The roofless ruins of St Mary's Church lie a few hundred yards south-west of the building containing Midhowe Cairn and can be reached from it along the rough coastal path forming part of the Westness Walk.
The church probably dates back to the 1600s, though is thought to be on the site of a medieval church associated with The Wirk (see below) dating back to around 1300. It was abandoned in the 1820s after the clearance of Westness by the landowner of the day, though the graveyard remained in use until the 1920s.
The vast buttresses on the west side of the east and west gables were added in the late 1800s in an effort to keep them standing. They still are, but at angles that don't leave you wanting to stand too near either of them.
A little south-east of St Mary's are the shells of the buildings that one formed the farmstead of Skaill.
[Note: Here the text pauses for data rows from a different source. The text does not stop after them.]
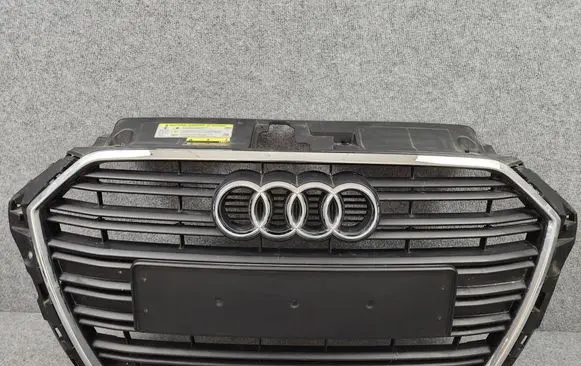Audi A3 S3 8V Front bumper upper radiator grill 8V3853651AA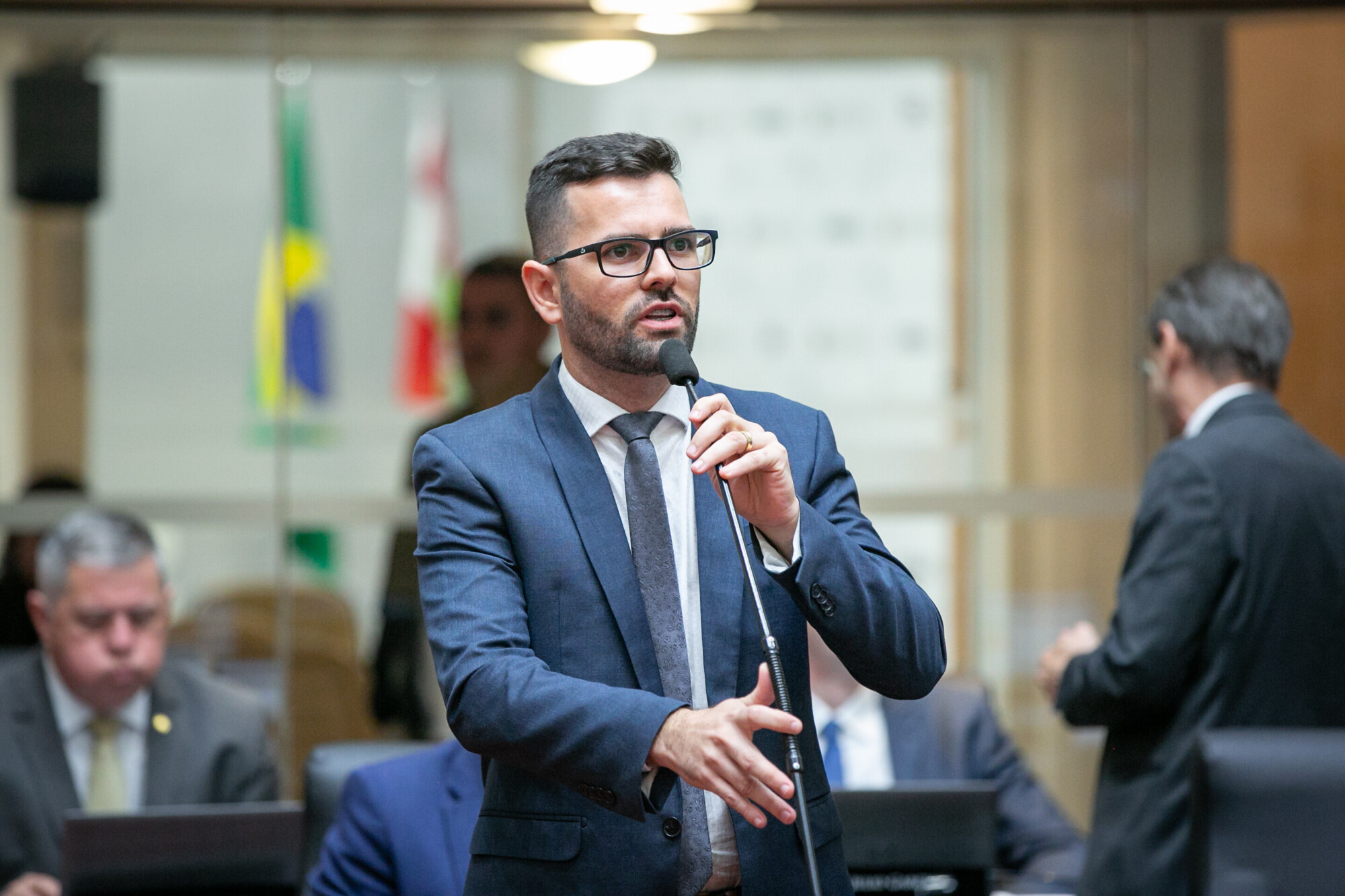 - Deputado André de Oliveira (NOVO)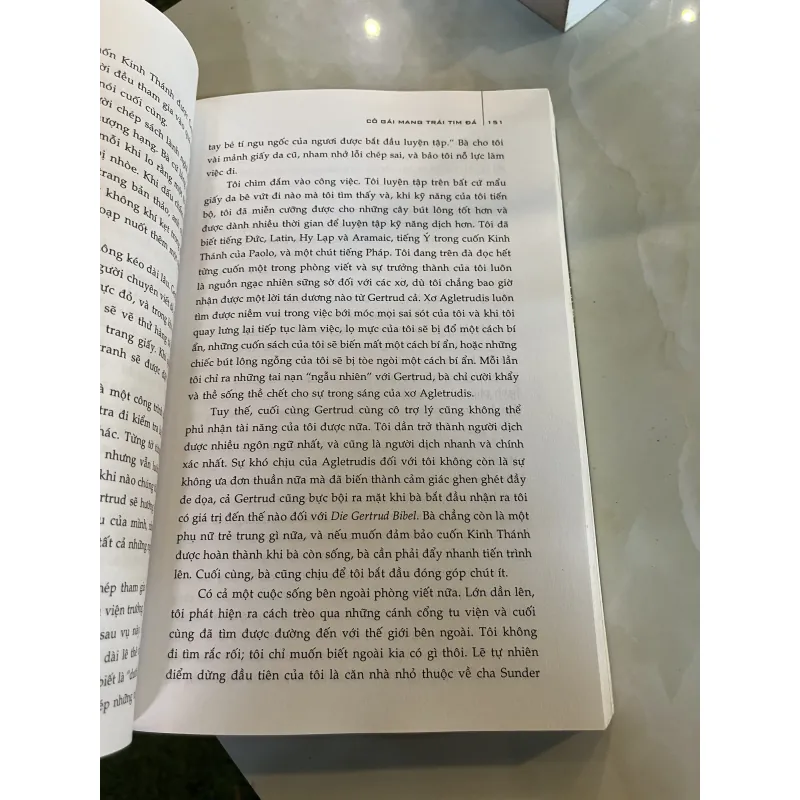 CÔ GÁI MANG TRÁI TIM ĐÁ - ANDREW DAVIDSON ( NGUYỄN VĨNH HẰNG ) 1036144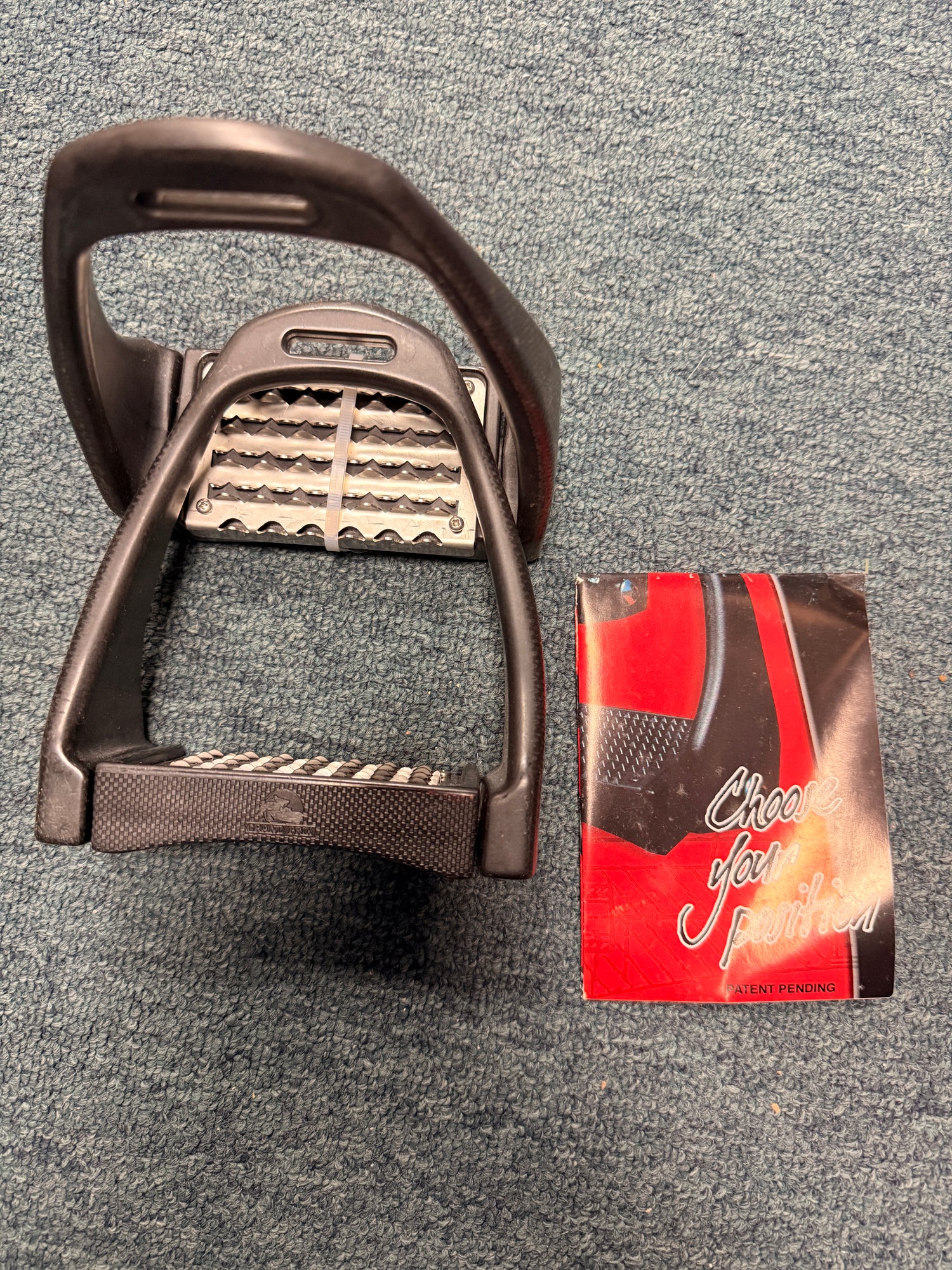 Grand Prix Adjustable Stirrups & Pads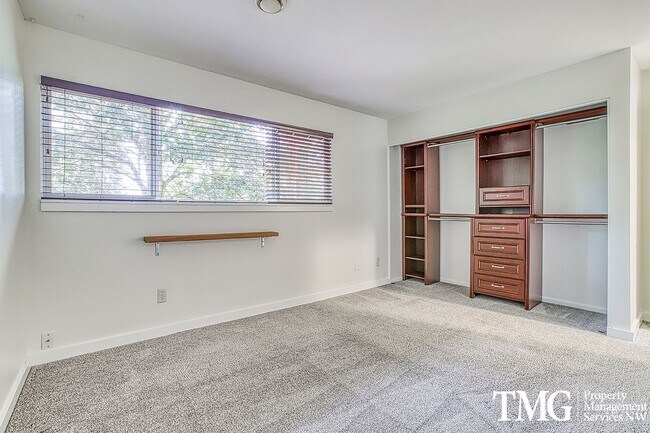 Building Photo - Inviting Townhome with Garage and Communit...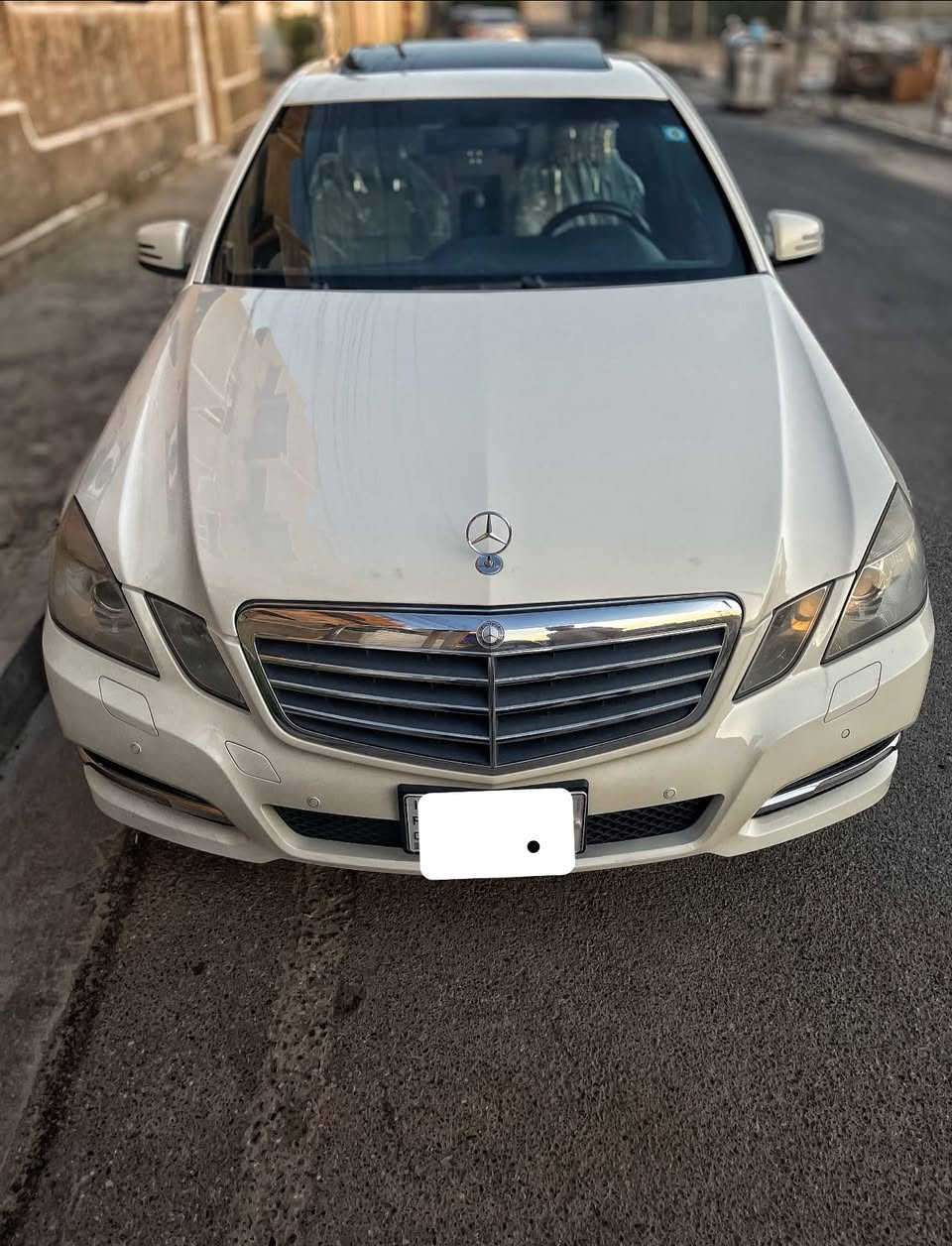 للبيع او مراوس  مارسدس  W212 E350 2011 السياره فول فول مواصفات السياره كفاله من الحادث فقط مصبوغة سكن من المانيا  للجماليه وارد خليجي  كشنات كهرباء خزن  شاشه ابلاديه  تحكمات ستيرن گير تعليك تحكمات شاشة ماوس  برده خلفية كهرباء  فتحة سقف  السيارة 302 🐎 حصان يعني صاروخ  رقم بغداد الجديد تحويل ثاني يوم والسياره خير من الله مكاني بغداد ***********
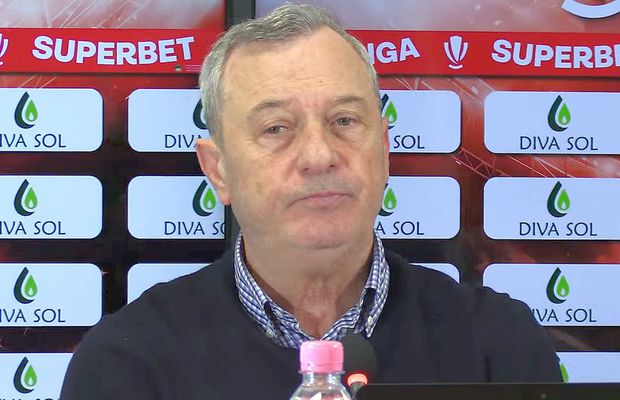 Înainte să bată cu pumnul în masă, Rednic și-a terfelit propriii jucători: „Nu jucau nici în liga a doua! Nu poți să le ceri...”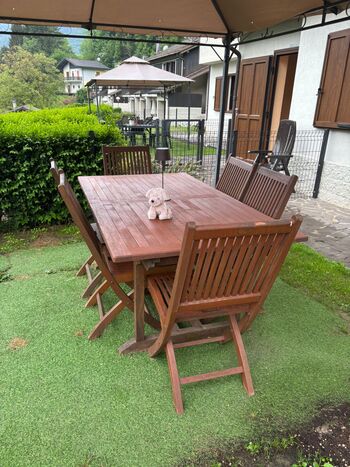 Garten mit Tisch und Seeblick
These have been derelict since the inhabitants were evicted in the early 1800s and they add to the slightly forlorn atmosphere of the area.
Immediately north-east of Sy Mary's and almost forming part of the wall of the kirkyard, is one of Westness's most enigmatic structures. This is The Wirk. It comprised a square tower associated with a large rectangular building which extended into the field on its landward side. The rectangular building is thought to have been a grand hall along the lines of the Bishop's Palace in Kirkwall and dating back to around 1300.
The purpose of the tower is unclear: perhaps it simply finished off the seaward end of the hall in the same was as its circular tower finishes off the end of the Bishop's Palace nearest St Magnus Cathedral.